Pictures with short captions >>
☆ ☆ ☆ ☆
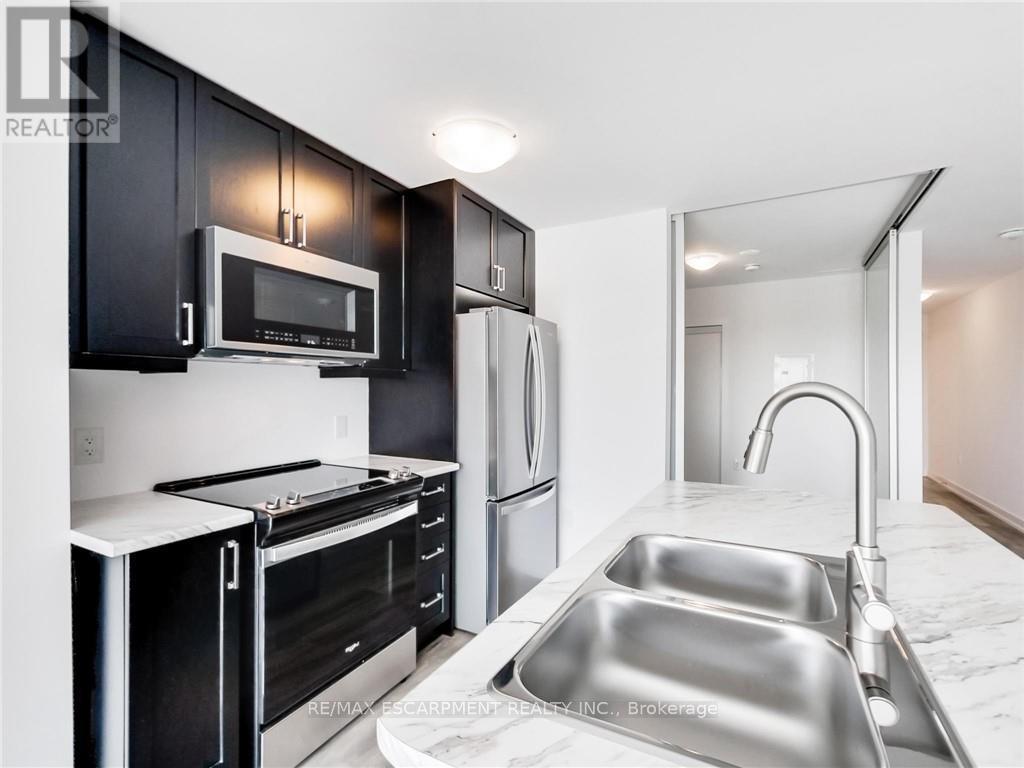 811 - 470 Dundas Street E, Hamilton, ON - Indoor Photo Showing Kitchen With Double Sink With Upgraded Kitchen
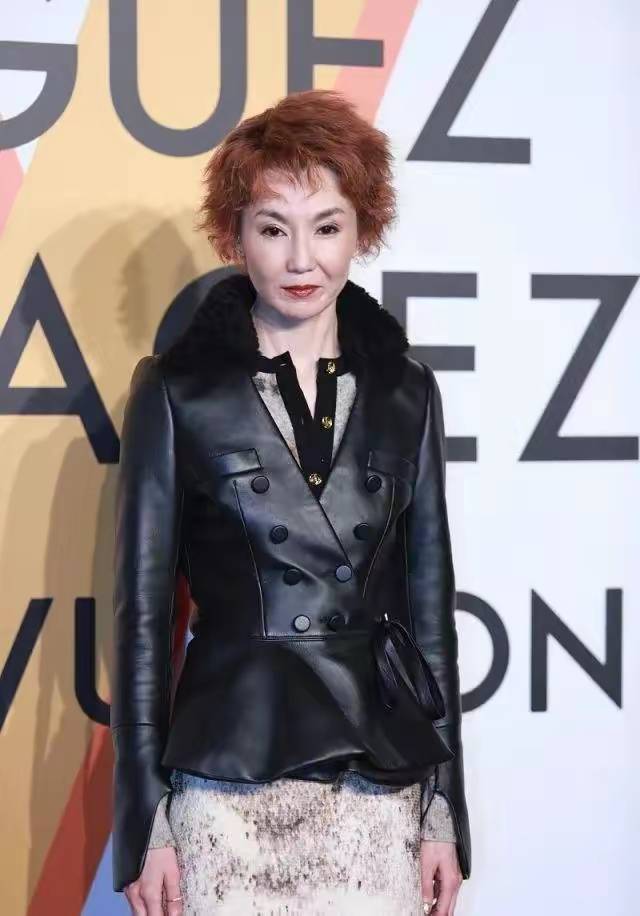 张曼玉近况曝光:瘦成纸片,生活穷困,穿19元地摊货,无儿无女_宋学祺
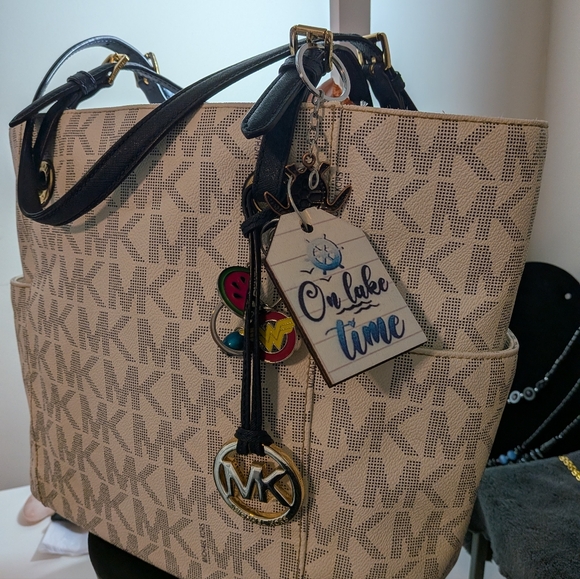 Michael Kors GUC  White Cream And Dark BlueTote Bag - Picture 2 of 11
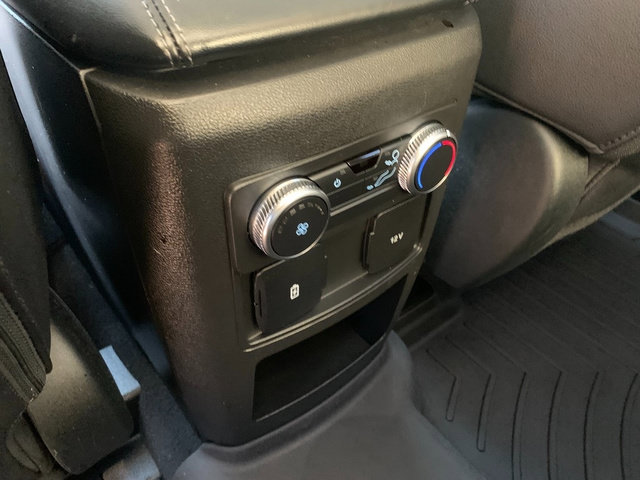 Used 2021 Ford Explorer XLT w/ Equipment Group 202A AWD/4WD image 24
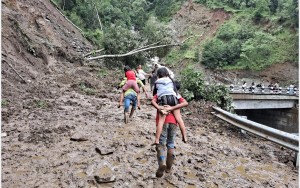 बाढी तथा पहिरोले मध्यपहाडी लोकमार्ग अवरुद्ध, दिक्तेल बजारमा लाखौँको क्षति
☆ ☆ ☆ ☆
Assignment >> Set the data above down again exactly as given, with no pictures.

Your solution >>
 811 - 470 Dundas Street E, Hamilton, ON - Indoor Photo Showing Kitchen With Double Sink With Upgraded Kitchen
 张曼玉近况曝光:瘦成纸片,生活穷困,穿19元地摊货,无儿无女_宋学祺
 Michael Kors GUC  White Cream And Dark BlueTote Bag - Picture 2 of 11
 Used 2021 Ford Explorer XLT w/ Equipment Group 202A AWD/4WD image 24
 बाढी तथा पहिरोले मध्यपहाडी लोकमार्ग अवरुद्ध, दिक्तेल बजारमा लाखौँको क्षति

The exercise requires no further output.